O trunfo de Paulo Coelho é a sutileza da história, que trata de sexo sem vulgaridade. Somos envolvidos nos acontecimentos e nos pegamos torcendo pelo sucesso de uma prostituta sem perceber o conflito moral existente nessa situação. E não há nada melhor para quebrar preconceitos do que experiências como essa. Não se trata de apologia a profissão mais antiga do mundo, mas sim de aproximar a realidade delas à de qualquer outra pessoa, de perceber que antes da profissional do sexo está o ser humano, com sonhos e esperanças semelhantes aos nossos. Em suma, uma vida tão fácil e tão difícil quanto a de qualquer um.


Sabe aquela coisa de fazer limonada com os limões que a vida nos dá? Maria não perdeu sua oportunidade.


Onze Minutos - Paulo Coelho
Nota: 4.0

O Apanhador no Campo de Centeio


Minha sensação ao ler esse livro foi morna. Talvez porque consegui entender o motivo de tantos terem se empolgado com o texto e, apesar disso, o livro não me tocou, não conseguiu mexer comigo.

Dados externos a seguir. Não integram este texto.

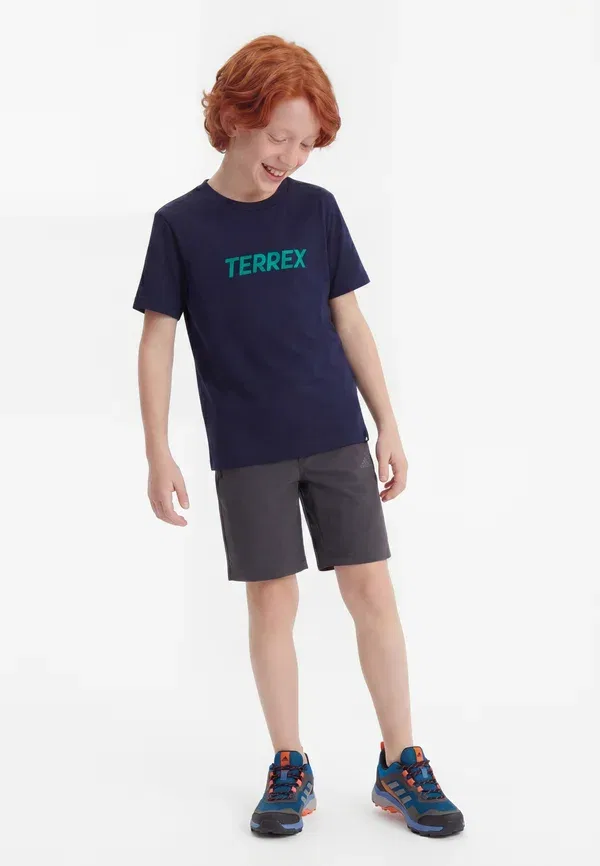 Футболка с логотипом, унисекс, спортивная футболка с коротким рукавом Adidas Terrex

Em “O Apanhador no Campo de Centeio”, passamos um final de semana na vida de Holden Caufield, um adolescente americano burguês que não consegue lidar com o mundo a sua volta. Caufield acaba de repetir o ano em mais um colégio interno e resolve tirar férias mais cedo, fugindo três dias antes do previsto.

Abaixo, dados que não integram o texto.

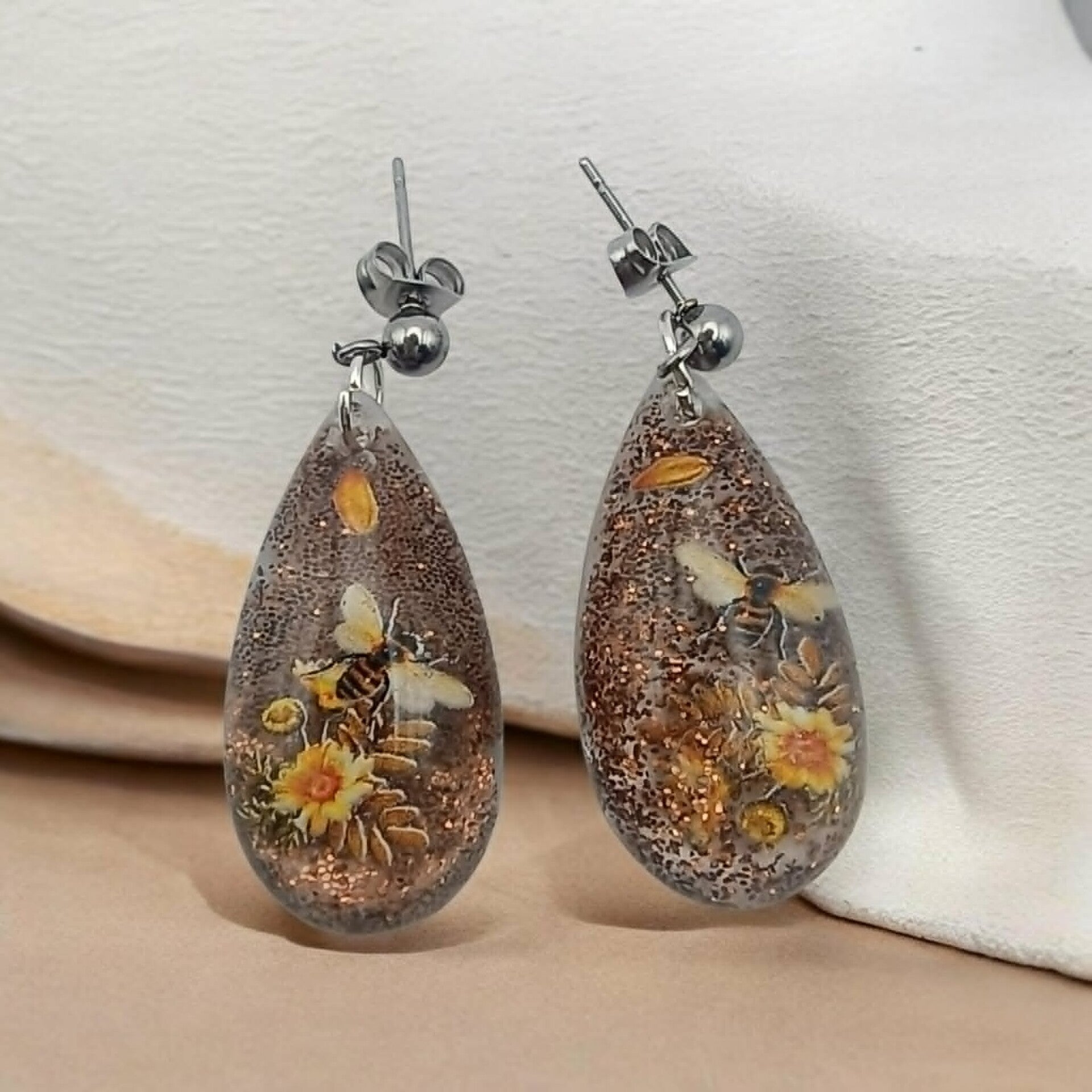 🐝Boucles d'oreilles Gouttes - Nectar Sacré.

Toda a história é escrita em primeira pessoa, o que nos torna muito próximos do personagem e faz com que o gostar ou não gostar do livro seja conseqüência de nossa opinião sobre o adolescente.

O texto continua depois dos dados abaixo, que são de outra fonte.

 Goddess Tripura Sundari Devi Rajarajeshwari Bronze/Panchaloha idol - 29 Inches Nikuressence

O livro começa empolgante! Com um sadismo bem encaixado, achamos que Caulfield é um daqueles adolescentes diferentes, maduros, que de uma forma positiva não se encaixam no senso comum. Porém, com o passar da leitura, a impressão inicial se esvai e percebe-se a imaturidade do personagem, que do alto de sua pseudo-superioridade odeia a mediocridade a sua volta.

Digo que entendo os motivos de quem gostou do livro porque o personagem realmente nos engana com seu estilo “fora do eixo adolescente comum”, sendo essa a virtude da história. Mas Caulfield – assim como dito no livro - é muito bom nesse negócio de não se encaixar em padrões, tão bom que torna-se chato, tão bom que parece esforçar-se demais para estar deprimido, tornando-o falso. O bom depressivo é aquele que não precisa odiar a tudo para se sentir dessa maneira.

Em suma, uma história sem objetivo sobre um rebelde sem causa e, ainda por cima, com um final frustrante.